One or more MQTT topics to which the messages are sent.

mqtt-payload

${KAFKA_VALUE}

Bytes, other

The payload for the MQTT messages. If no schema is applied, the original Kafka value is sent as the MQTT payload and cannot be modified.
To send an array of bytes, specify bytes.
To send arrays such as string or numbers, specify other. Other types are automatically converted to a UTF-8 string.

mqtt-publish-fields

-

see below

The metadata that is defined for the MQTT publish message. See the following MQTT Publish Fields table for information on all available fields.
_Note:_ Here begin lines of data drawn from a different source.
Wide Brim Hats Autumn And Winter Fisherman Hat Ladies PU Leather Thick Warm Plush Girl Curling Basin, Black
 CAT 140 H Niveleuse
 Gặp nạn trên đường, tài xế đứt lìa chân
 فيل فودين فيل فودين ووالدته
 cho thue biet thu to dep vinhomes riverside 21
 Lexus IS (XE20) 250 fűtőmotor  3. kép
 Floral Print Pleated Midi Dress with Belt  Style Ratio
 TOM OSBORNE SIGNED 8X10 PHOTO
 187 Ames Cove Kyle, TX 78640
If you use a schema registry, we do not recommend the use of Kafka topic patterns. The combination of Kafka topic patterns and a schema registry can cause unexpected behavior that is difficult to interpret.

When you use a JSON schema, you can select a byte array type for the mqtt-payload in the following way:

Encode your payload as a base64 string.

In the JSON schema, specify the type as `string` with an additional property `contentEncoding` set to `base64`.

The Kafka extension decodes your Base64 string into a byte array when selected by the path syntax as the MQTT payload. The contentEncoding parameter is available since draft version 7 of the JSON schema.

The Kafka extension only implements base64 and only permits this encoding for string type values.
Example payload field using byte arrays with JSON schema
{
    "payload": {
        "type": "string",
        "contentEncoding": "base64"
    }
}


MQTT Publish Fields

In the <mqtt-publish-fields> of the Kafka-to-MQTT configuration, you can specify the metadata of the MQTT Publish message that the mapping creates.

Each MQTT Publish field in the configuration file can contain only one variable.
Name Default Mandatory Type in Path Description

retained-flag

false

Boolean

Defines whether all MQTT messages from the corresponding Kafka-to-MQTT mapping are retained. Possible values are true or false. If set to true and retain is disabled by HiveMQ, messages are not retained.

payload-format-indicator

-

String

Sets the format of the payload of the corresponding Kafka-to-MQTT mapping. Possible values are UTF-8 or UNSPECIFIED.

message-expiry-interval

-

Long,integer, or string

A long value that indicates the lifetime in seconds of a published message. The value must be positive.

response-topic

-

String

Sets the response topic for the MQTT messages.

correlation-data

-

Bytes

Sets the correlation data for the MQTT messages. This data is used to show to which request a response message belongs. If you insert the correlation-data directly into the config, which means you don’t use path-syntax to extract it, you have to encode it in Base64.

user-properties

-

String

Sets multiple <user-properties> with <key> and <value> pairs for the MQTT messages.

content-type

-

String

Specifies the content type of the MQTT message.

qos

1

Long, integer, or string

Sets the Quality of Service (QoS) for the MQTT message. 0 at most once, 1 at least once, 2 exactly once.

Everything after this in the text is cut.